WHAT YOU HAVE TO DO —
Please output every line of the material as it stands, without the pictures.
*** DATA SEGMENT ***
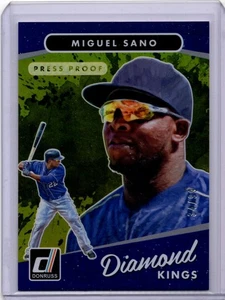 Panini Donruss Miguel Sano #17 Diamond Kings 2017 prueba de prensa oro/99 - Imagen 1 de 2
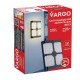 LED свiтильник VARGO ЖКХ 24W 6500K 2400lm IP54 прямокутн. Розмір: 200x162x58мм (111854)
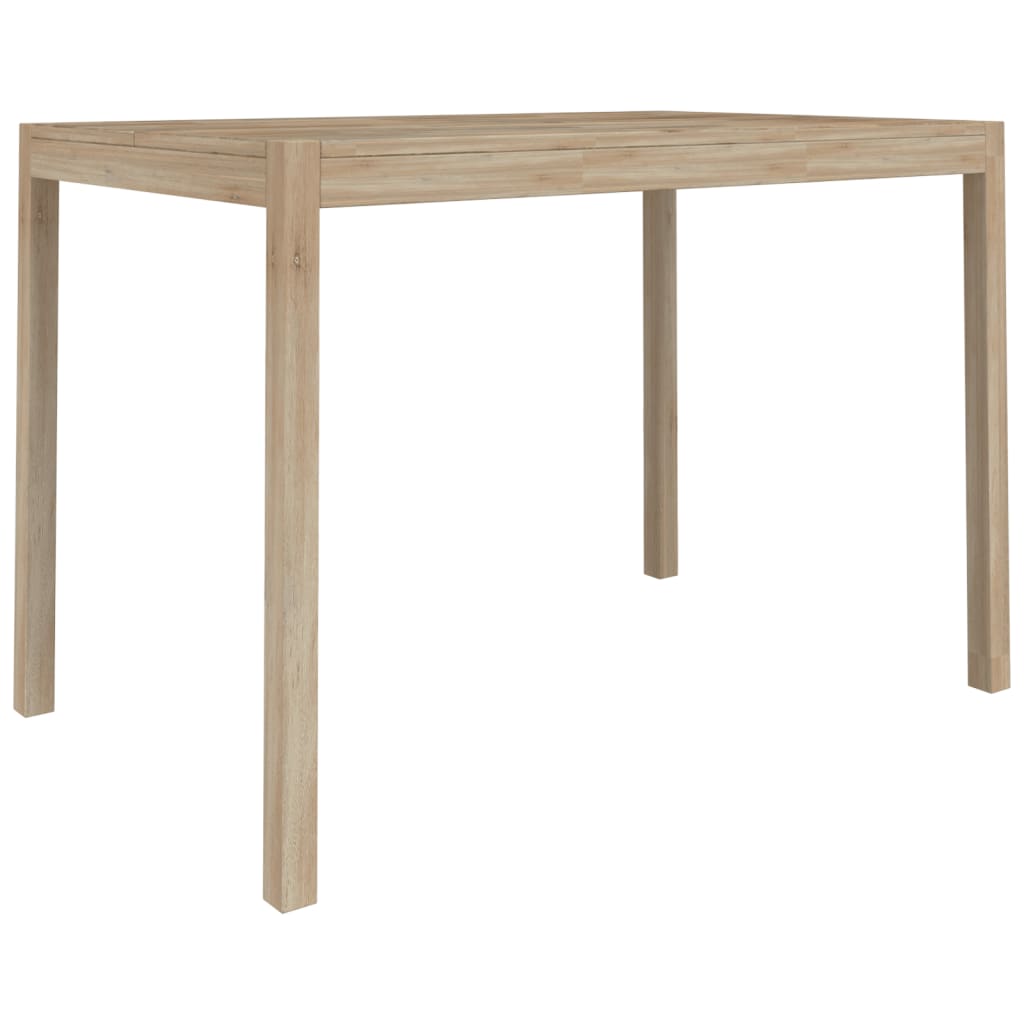 vidaXL Mesa de comedor madera maciza de acacia 110x70x75 cm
***
ANSWER TO THE EXERCISE —
 Panini Donruss Miguel Sano #17 Diamond Kings 2017 prueba de prensa oro/99 - Imagen 1 de 2
 LED свiтильник VARGO ЖКХ 24W 6500K 2400lm IP54 прямокутн. Розмір: 200x162x58мм (111854)
 vidaXL Mesa de comedor madera maciza de acacia 110x70x75 cm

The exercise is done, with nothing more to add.